The letter asks for a congressional briefing on the state’s plan for the 2020 Atlantic hurricane season, which is expected to overlap with the COVID-19 pandemic.
Said Rep. Demings,“each year, millions of Americans are forced to flee from natural disasters like hurricanes, floods, and fires. We crowd together in shelters, pack hotels, and struggle to find food and other essentials. With hurricane season in the South and wildfire season in western states less than six weeks away, I am deeply concerned about the lack of preparation and information-sharing. Families need to be able to make plans. State and local governments need federal support to prepare for safe evacuations. Only by working together and looking ahead can we save lives when these inevitable disasters happen.
“Since time is of the essence, it is vital that our federal, state, and local partners work to develop policies, plans, and best practices for how state, local, and federal partners can keep people safe during a pandemic-disaster event. While the immediate situation must be our top concern, this is not merely a concern for today. As climate change continues to escalate and the risk of future disasters and future pandemics becomes more likely, this is a problem that deserves urgent and ongoing attention.”
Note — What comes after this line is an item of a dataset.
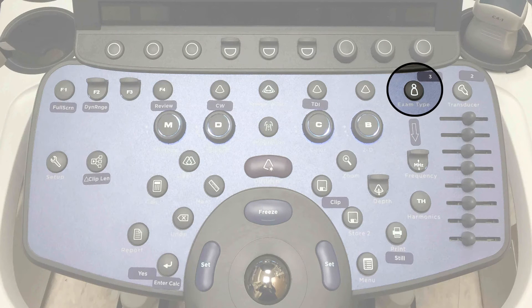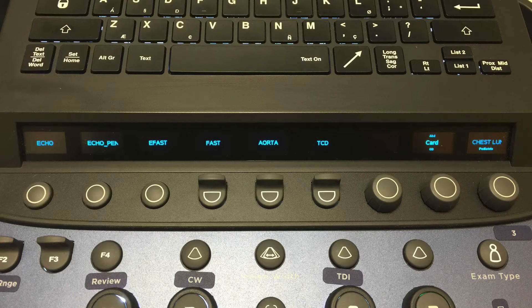You are then going to press the exam type — marked number three — to choose your preset. If you have changed probes, it will automatically display the different presets for you to select. When you press that key, the different presets will be displayed along the soft keys, and you will press the soft key corresponding to the preset and the type of study you want to do.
Rep. Demings is a member of the House Homeland Security Committee and previously spoke with FEMA Administrator Pete T. Gaynor, in addition to correspondence with Acting Homeland Security Secretary Chad Wolf.
On April 2nd, hurricane forecasters at Colorado State University predicted an “above-average” hurricane season with 16 named storms, eight hurricanes, and four major hurricanes. On April 16th, the Weather Channel predicted a “very active” 2020 hurricane season with 18 named storms — nine of them hurricanes, four of them major hurricanes.
Last year, NOAA estimated that 1,520 tornadoes occurred in the U.S., the fourth highest yearly total on record.
In 2018 and 2019 there were 58,083 and 50,477 wildfires, respectively, including the largest wildfire in California’s state history.